Pour votre troisième lettre, je vous dirai que, pour n'être pas d'un style laconique, elle ne laisse pas d'être fort agréable; je serois bien fâché qu'elle fût plus courte, et vous avez tort de dire que vous écririez mieux si vous n'étiez malade; vous vous portez mieux que vous ne pensez, et moi, ma chère cousine, je suis à vous mille fois plus tendrement que je ne saurois l'exprimer.

Je vous écris fort à la hâte, parce qu'il y a une heure que l'armée est en marche; je ne vous écris pas en galopant, comme vous me mandiez l'autre jour que vous faisiez, mais je vais galoper dans un moment pour vous avoir écrit.

92.

Du même à la même.

Du camp d'Angres, le 7 octobre 1655.

Je suis fort aise, Madame, que vous m'assuriez que M. le surintendant souhaite de trouver que j'ai raison dans l'affaire qu'on a voulu me susciter avec lui. Cela ne laisse pas de me surprendre, et je trouve fort extraordinaire qu'il aime mieux avoir sujet de se plaindre de madame de Martel que de moi.

M. le cardinal de Mazarin a été une seconde fois à l'armée pour voir Condé et Saint-Guilain, et pour laisser ces places en état de ne rien craindre en hiver, et de se passer de nous jusqu'au printemps. Son Eminence m'a fort bien traité, et m'a fait donner mille écus pour achever ma campagne.

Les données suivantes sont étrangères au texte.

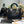 CD 2026 Toujours Bag Black Embossed Calfskin 288195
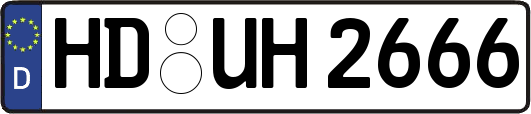 HD-UH2666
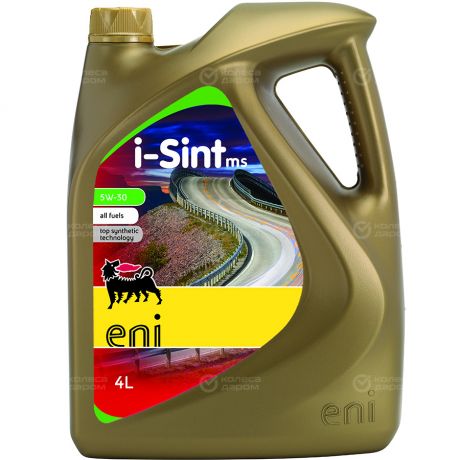 ENI Моторное масло Eni i-Sint MS 5W-30 4л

Il y a deux ou trois jours qu'en causant avec M. de Turenne je vins à vous nommer; il me demanda si je vous voyois ; je lui dis qu'oui, et qu'étant cousins-germains, et de même maison, je ne voyois pas une femme plus souvent que vous; il me dit qu'il vous connoissoit, et qu'il avoit été vingt fois chez vous sans vous rencontrer; qu'il vous estimoit fort, et qu'une marque de cela étoit l'envie qu'il avoit de vous voir, lui qui ne voyoit aucune femme; je lui dis que vous m'aviez parlé de lui,

que vous aviez su l'honneur qu'il vous avoit fait, et que vous m'aviez témoigné lui en être très obligée.

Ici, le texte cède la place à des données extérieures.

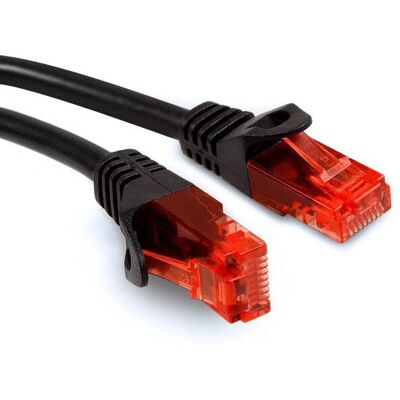 Maclean MCTV-741 Netzwerkkabel 20m Cat6 UTP Schwarz Maclean MCTV-741 Netzwerkkabel 20m Cat6 UTP Schwarz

A propos de cela, Madame, il faut que je vous dise que je ne pense pas qu'il y ait au monde une personne si généralement estimée que vous; vous êtes les délices du genre humain : l'antiquité vous auroit dressé des autels, et vous auriez assurément été déesse de quelque chose. Dans notre siècle, ой l'on n'est pas si prodigue d'encens, et surtout pour le mérite vivant, on se contente de dire qu'il n'y a point de femme à votre âge plus vertueuse ni plus aimable que vous. Je connois des princes du sang, des princes étrangers, de grands seigneurs façon de princes, de grands capitaines, des gentilshommes, des ministres d'état, des magistrats et des philosophes, qui fileroient pour vous si vous les laissiez faire. En pouvez-vous demander davantage? A moins que d'en vouloir à la liberté des cloîtres, vous ne sauriez aller plus loin.

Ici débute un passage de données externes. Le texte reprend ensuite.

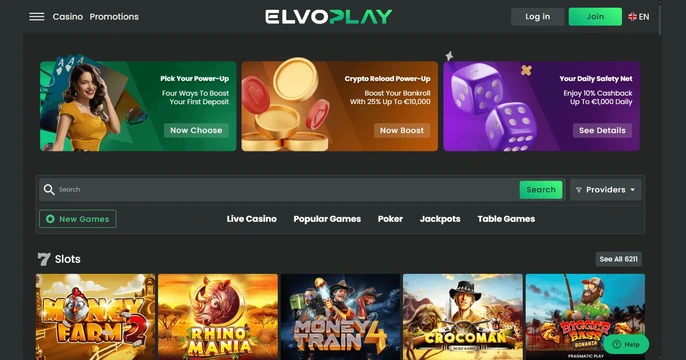 ElvoPlay casino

J'oubliois de vous dire qu'il y a deux mois que Humières disant à Nogent quelque chose qui lui déplut, celui-ci donna du bout de ses gants sur le chapeau de l'autre. M. le cardinal et M. de Turenne défendirent à Humières, de la part du roi, d'en avoir aucun ressentiment; mais La Châtre, son beau-frère, fit appeler Nogent par un gentilhomme de ses parents nommé Sainte-Fère, lieutenant d'Humières. Nogent ne voulut point se battre, et dit depuis qu'il n'avoit tenu qu'à Sainte-Fère qu'il n'eût satisfait La Châtre. Il y a huit jours que Sainte-Fère lui faisant un éclaircissement là-dessus, Nogent le traita de petit mignon, et ne lui voulut donner aucune satisfaction. Sainte-Fère, qui tenoit un fouet de postillon à la main, lui en donna quelques coups. Nogent dit qu'il n'avoit point été frappé, et que Humières a voulu le faire assassiner. Humières dit qu'il n'a aucune part à cela, que véritablement, s'il avoit cru être offensé, il auroit fait donner cent coups de bâton à Nogent par un de ses domestiques, et même il veut bien que Nogent croie que c'est lui qui lui a fait faire cette insulte.